Für Thomas Beck, Geschäftsführer der Deutsch-Kanadischen Industrie- und Handelskammer in Toronto, ist die Einigung auf einen neuen Vertrag auch aus deutscher Sicht eine gute Nachricht. Kanada hat in Europa stets damit geworben, dass es mit seiner Unternehmenskultur, mit Gesundheits- und Ausbildungswesen ein attraktiver Standort sei und mit Investitionen in Kanada auch der Zugang zum US-amerikanischen Markt gegeben sei. „Dass nach jahrelangen Verhandlungen und Ungewissheit nun eine Vereinbarung vorliegt, schafft Rechtssicherheit“, sagte Beck.
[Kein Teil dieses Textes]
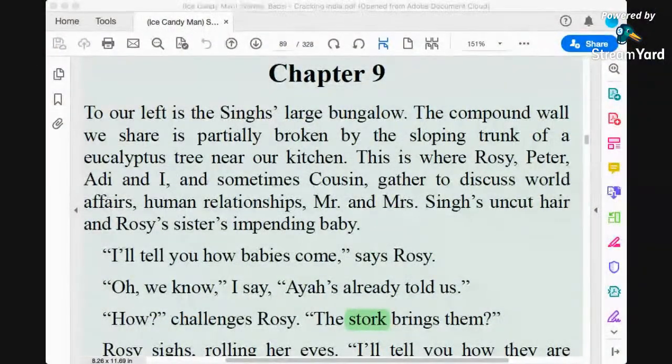The book has also been titled as Cracking India. We are familiar with all these things, so we shouldn't waste time repeating them. First of all, let me show you the chapter we are going to start today. I hope everybody is able to look at chapter 9 on screen, and that chapter has many significant things in it.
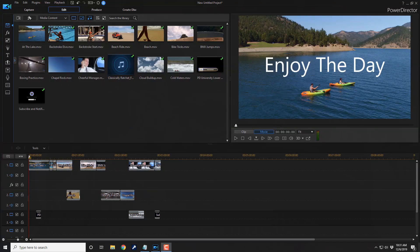Here we are in PowerDirector 18. I'm going to take you on a bit of a journey. If you want to hear me ramble on, you can keep watching. If you want to jump to where I show you how to change the track order, I'm going to place a timestamp in the video description so you can jump right forward to that and skip all of my rambling and talking.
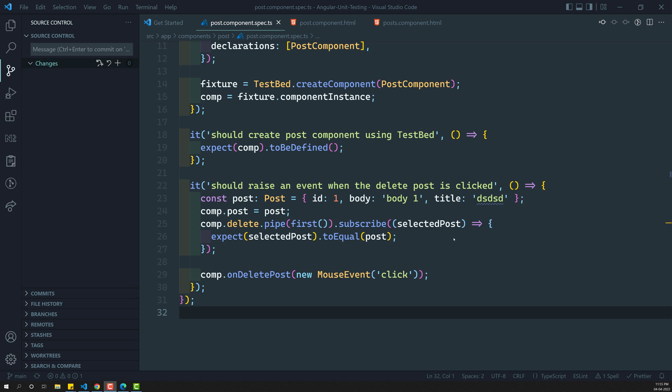Hi friends, this is Leela. Welcome to my channel Leela Web Dev. In the previous video, we understood about the Angular testbed - how to debug the template in a component using the Angular testbed.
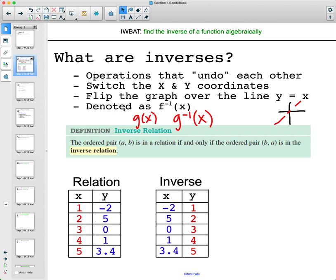In function notation, the inverse is written as f to the negative 1 of x. If we're working with g of x or any other function, we'd use that letter. So f to the negative 1 is the inverse of f, and g to the negative 1 is the inverse of g. Literally, you're just taking the x and y coordinates and switching them.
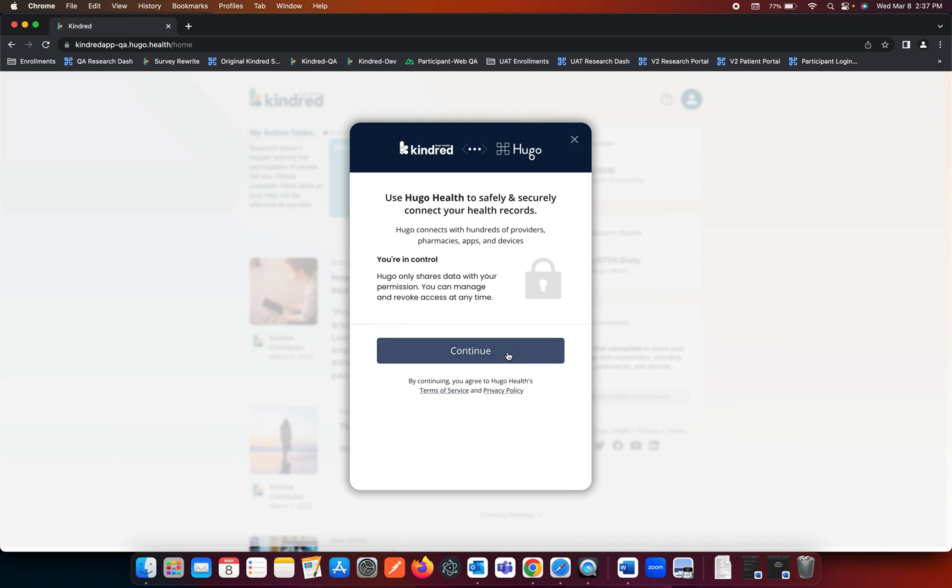Before clicking the Continue button, you are agreeing to Hugo Health's Terms of Service and Privacy Policy. Please open those pages prior to clicking the Continue button.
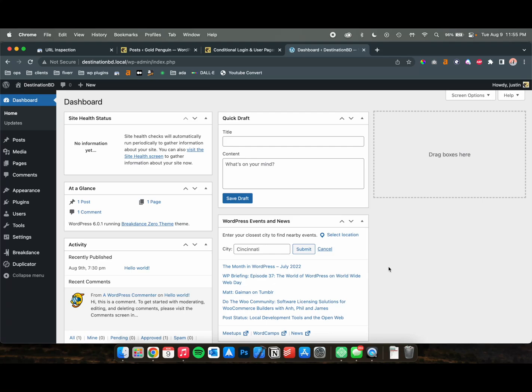Hey, this is Justin from GoalPenguin, and today I'm going to show you how to create conditional login, register, and user pages in a header in the Breakdance Builder.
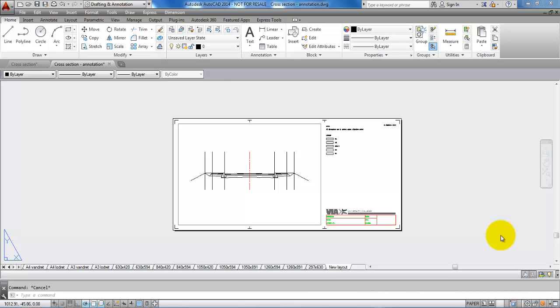Hello and welcome to this video on how to copy elements from one drawing to another. In this case, I want to copy the legend and the drawing information.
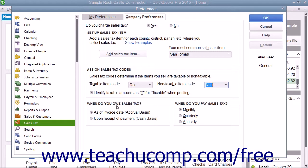In the When Do You Owe Sales Tax section, select the correct option button to indicate when you owe sales taxes that are collected. The options are as of invoice date, meaning accrual basis, or upon receipt of payment, meaning the cash basis.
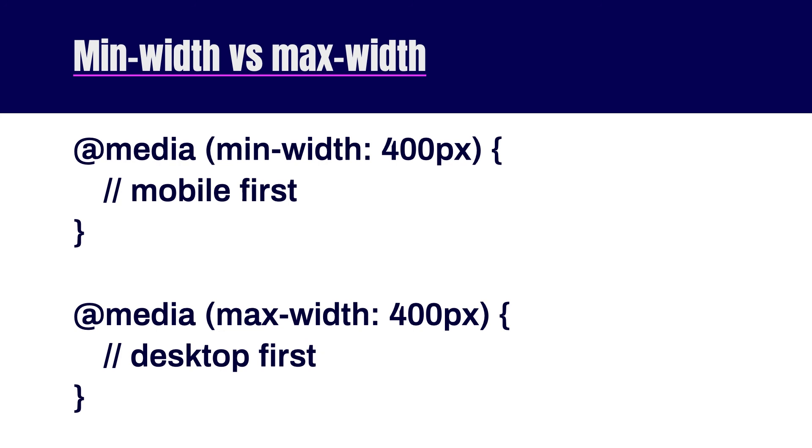Whereas if you go desktop first, you'll have all of these rules for desktop. And then as you go down in device size, you'll have to write code that cancels it out. What I find happens is you end up writing more CSS rules than necessary in order to cancel out those desktop styles. In a simple example, it'll be about the same amount of code, but in a larger project, I find mobile first to be more efficient. And that's all there is to media queries and CSS.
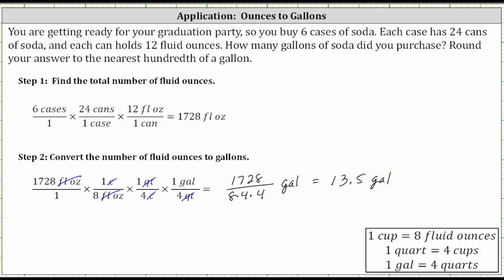You have a total of 13.5 gallons of soda. Notice there's no need to round to the nearest hundredth of a gallon because we have the exact value to one decimal place, or the tenths place value. I hope you found this helpful.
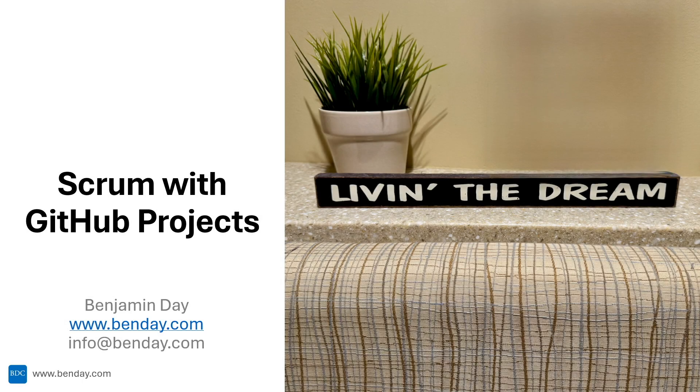Hey everybody, how's it going? This is the first video in a series on how to do Scrum with GitHub projects.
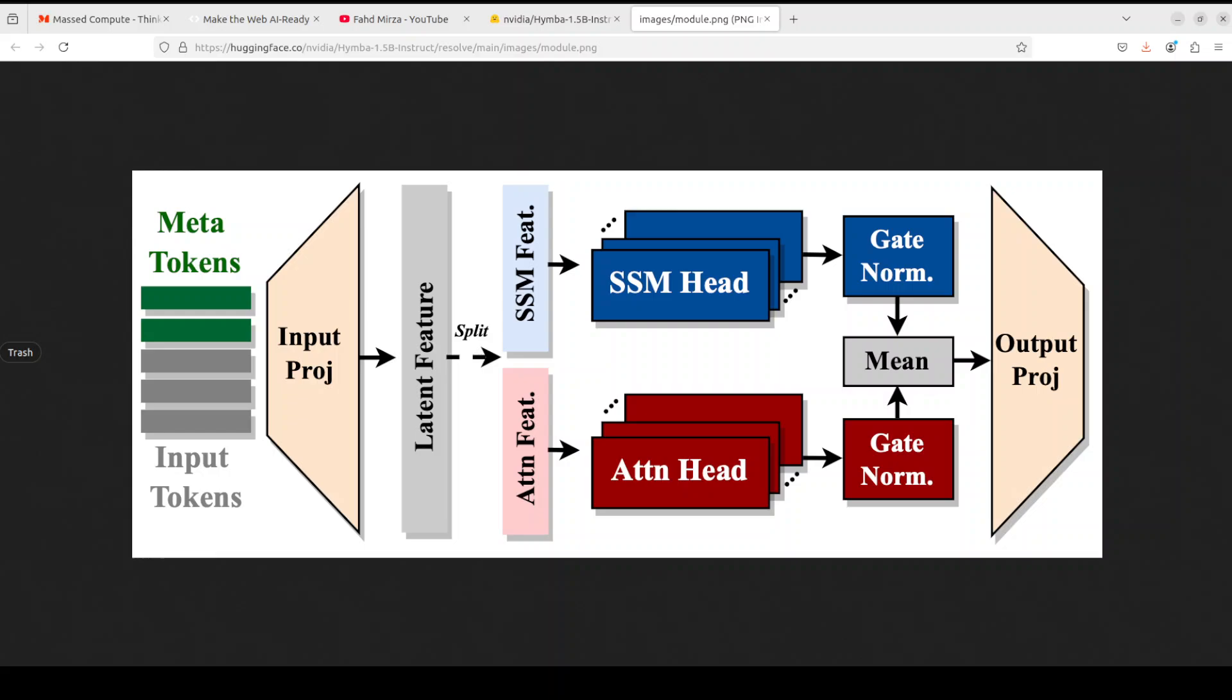It also introduces meta tokens that are prepended to the input sequence and interact with all the subsequent tokens. What happens is that it stores all the important information and removes the burden of force to attend in attention. Really good stuff here - simple yet quite powerful and intriguing. But I think the proof will be in the pudding, so I'm just going to install it locally now and show you how it works.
In den vergangenen drei bis vier Jahren habe es kaum noch deutsche Neuansiedlungen gegeben. „Wir haben die große Investition von K+S mit ihrem Kalibergwerk in Saskatchewan und ein Pizzawerk von Dr. Oetker in Ontario, aber der deutsche Mittelstand verhielt sich sehr abwartend.“ Allein die Drohung von Donald Trump mit dem Ende von Nafta habe offensichtlich abschreckend gewirkt. „Diese Rechtsunsicherheit ist nun vom Tisch.“

Die liberale Regierung Trudeau hat im Parlament in Ottawa zwar keine eigene Mehrheit, muss aber nicht befürchten, dass der Vertrag im Ratifizierungsprozess scheitern könnte. Die Konservativen als stärkste Oppositionspartei hatten im Wahlkampf zwar die Verhandlungsführung der Regierung kritisiert, sie wollen das Abkommen im Parlament aber unterstützen.

Der Unternehmerverband „Business Council of Canada“ begrüßte die Einigung. Das neue Abkommen werde Kanadas Wirtschaft stärken. Die Unterzeichnung „bekräftigt die vitalen ökonomischen Bindungen zwischen unseren drei Ländern“, sagte Präsident Goldy Hyder in Ottawa.
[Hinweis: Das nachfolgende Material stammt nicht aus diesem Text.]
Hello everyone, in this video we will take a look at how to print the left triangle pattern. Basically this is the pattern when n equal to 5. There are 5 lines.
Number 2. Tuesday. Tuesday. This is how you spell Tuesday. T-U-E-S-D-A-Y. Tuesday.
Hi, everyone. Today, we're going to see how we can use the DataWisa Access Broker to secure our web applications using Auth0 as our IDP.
Die Gewerkschaft der Stahlarbeiter USW begrüßt zwar Verbesserungen im Abkommen gegenüber der ursprünglichen Version, befürchtet aber negative Auswirkungen auf die kanadische Aluminiumproduktion, weil es keine stärkeren Vorschriften für die Verwendung von Aluminium aus Nordamerika bei der Autoproduktion enthalte.
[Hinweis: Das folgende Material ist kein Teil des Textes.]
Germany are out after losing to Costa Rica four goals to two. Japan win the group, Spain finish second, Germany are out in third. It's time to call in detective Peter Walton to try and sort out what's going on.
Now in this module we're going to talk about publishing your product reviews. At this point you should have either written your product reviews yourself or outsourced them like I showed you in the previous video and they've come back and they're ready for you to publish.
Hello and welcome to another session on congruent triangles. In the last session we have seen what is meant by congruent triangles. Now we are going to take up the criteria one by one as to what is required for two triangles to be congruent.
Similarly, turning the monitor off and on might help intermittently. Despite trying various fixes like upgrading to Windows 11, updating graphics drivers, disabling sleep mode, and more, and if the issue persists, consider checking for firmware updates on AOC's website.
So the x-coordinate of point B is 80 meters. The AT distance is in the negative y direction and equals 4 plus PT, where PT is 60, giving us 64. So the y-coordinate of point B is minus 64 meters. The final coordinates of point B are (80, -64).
Die Gewerkschaft hatte einen nordamerikanischen Anteil von 70 Prozent gefordert, was aber nun offenbar nicht festgeschrieben worden sei. Kanada sei der größte Aluminiumproduzent in Nordamerika und der Verzicht auf striktere Regeln werde es Ländern wie China, Russland und anderen leicht machen, weiter den nordamerikanischen Markt zu überfluten“, sagte Ken Neumann, Vorsitzender der kanadischen Sektion der United Steelworkers.